## Exercise:
Please write out every entry below exactly, leaving out any pictures.

## Study material:
>>>

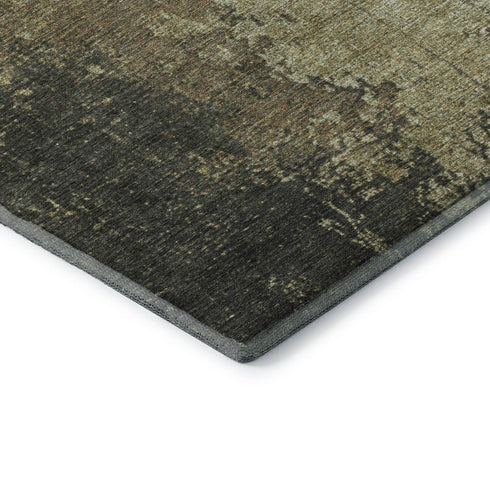 8' X 10' Olive Green And Brown Abstract Washable Area Rug With UV Protection
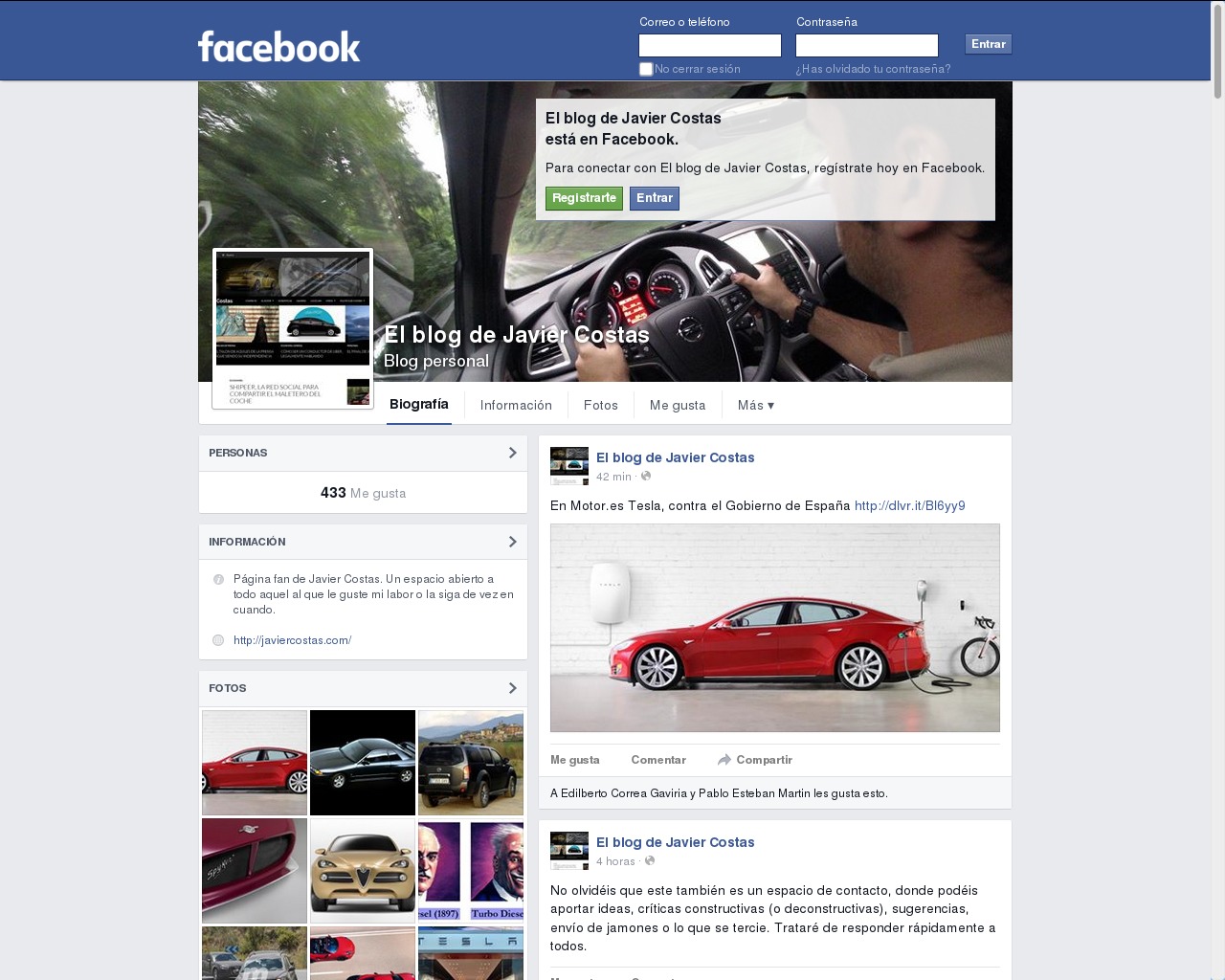 Facebook de Javier Costas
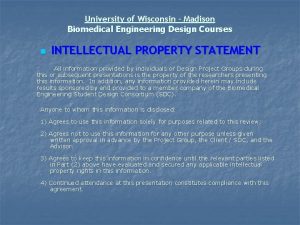 University of Wisconsin Madison Biomedical Engineering Design Courses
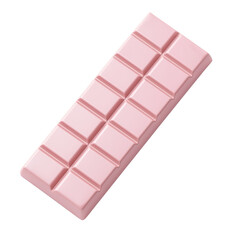 Pink Chocolate Bar on White Surface, Sweet Treat Delight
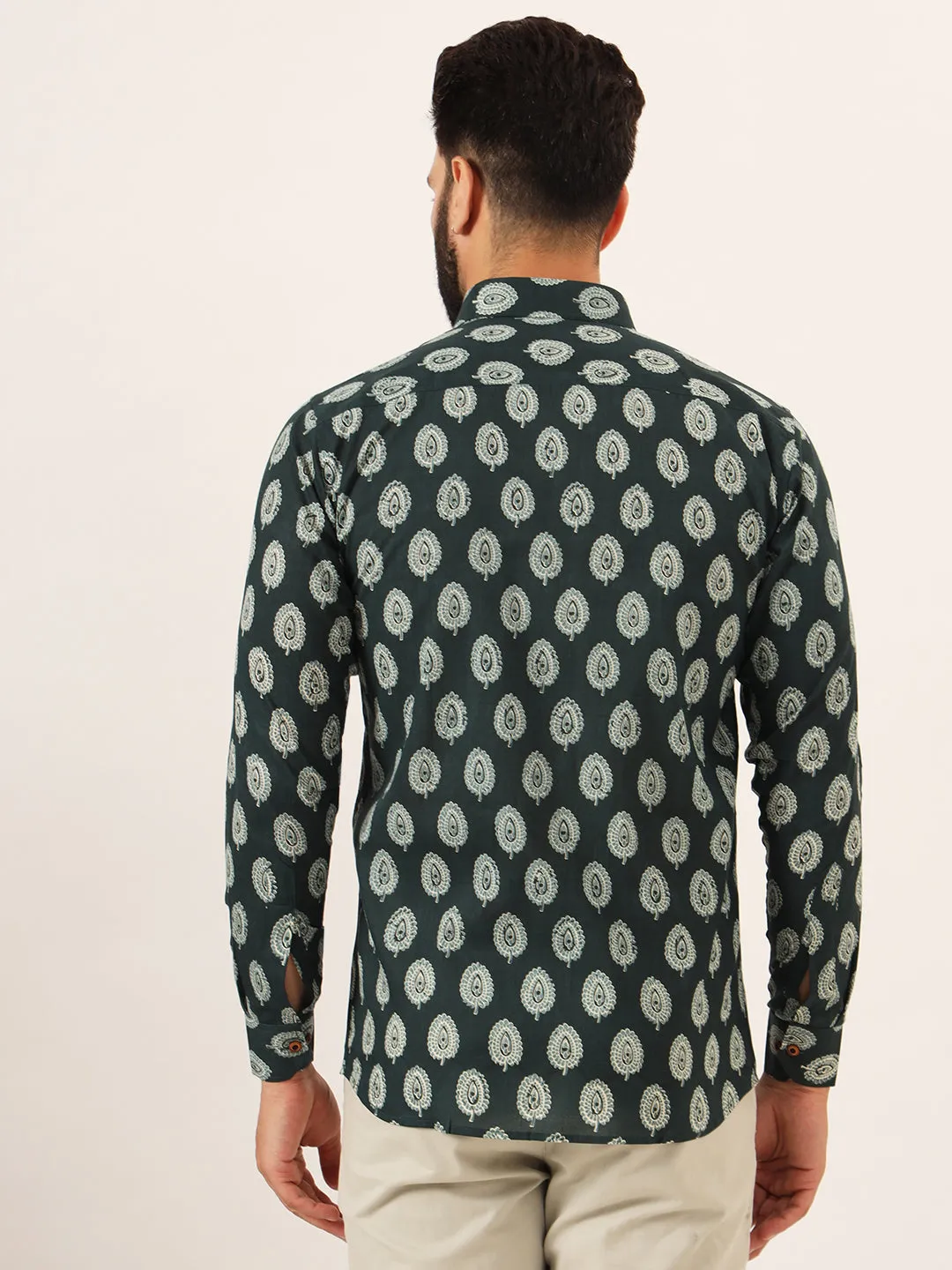 MILLENNIAL MEN Dark Green Printed Pure Cotton Regular Fit Casual Full Sleeve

<<<

## Solution to the exercise:
 8' X 10' Olive Green And Brown Abstract Washable Area Rug With UV Protection
 Facebook de Javier Costas
 University of Wisconsin Madison Biomedical Engineering Design Courses
 Pink Chocolate Bar on White Surface, Sweet Treat Delight
 MILLENNIAL MEN Dark Green Printed Pure Cotton Regular Fit Casual Full Sleeve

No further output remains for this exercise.